#### EXERCISE GOAL:
Leaving the pictures aside, transcribe only and exactly the lines from the one with "So here we have" through the end of the entries, both included.

Dataset entries

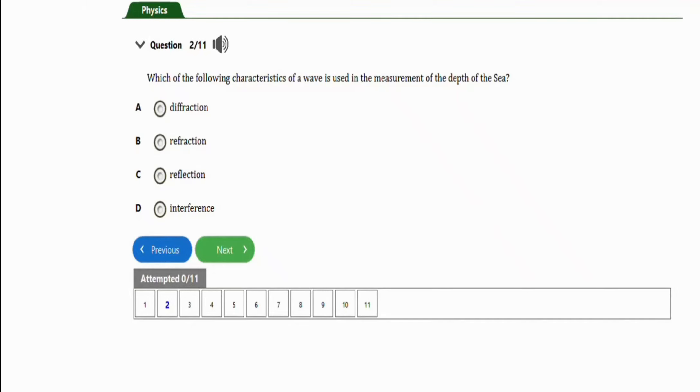In this video, we are going to learn how to solve physics repeated questions under the subtopic echoes and reverberation. So we are going to practice with six repeated questions for this subtopic. Let's get started.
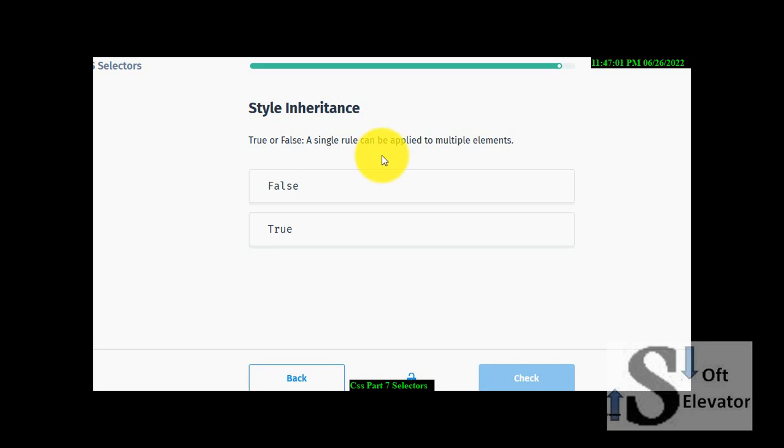So here we have style inheritance. A single rule can be applied to multiple elements. Yes, true.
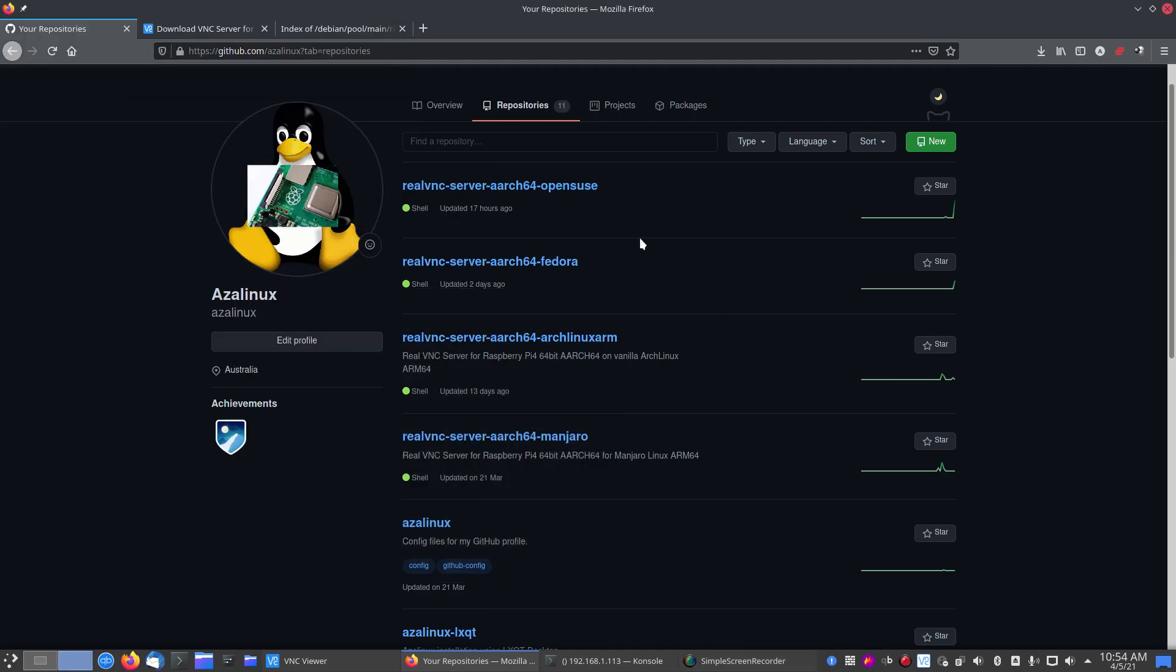Hi guys, my name is Aaron. I'm doing another video today on how to install a real VNC server for OpenSUSE, but it's an ARM 64-bit version.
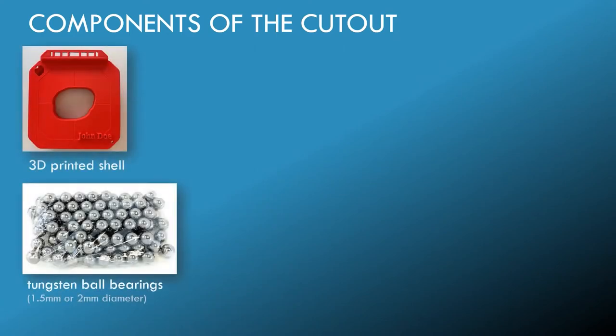So if we want to avoid toxic materials, we thought we could 3D print a plastic shell, fill it with tungsten ball bearings to shield the electrons.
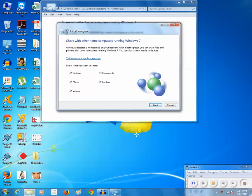You can see that there is a message: Windows detected a home group on your network. So you can share files and printers with other computers. I will select all of these along with documents and click on next.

#### FINISHED TASK:
So here we have style inheritance. A single rule can be applied to multiple elements. Yes, true.
Hi guys, my name is Aaron. I'm doing another video today on how to install a real VNC server for OpenSUSE, but it's an ARM 64-bit version.
So if we want to avoid toxic materials, we thought we could 3D print a plastic shell, fill it with tungsten ball bearings to shield the electrons.
You can see that there is a message: Windows detected a home group on your network. So you can share files and printers with other computers. I will select all of these along with documents and click on next.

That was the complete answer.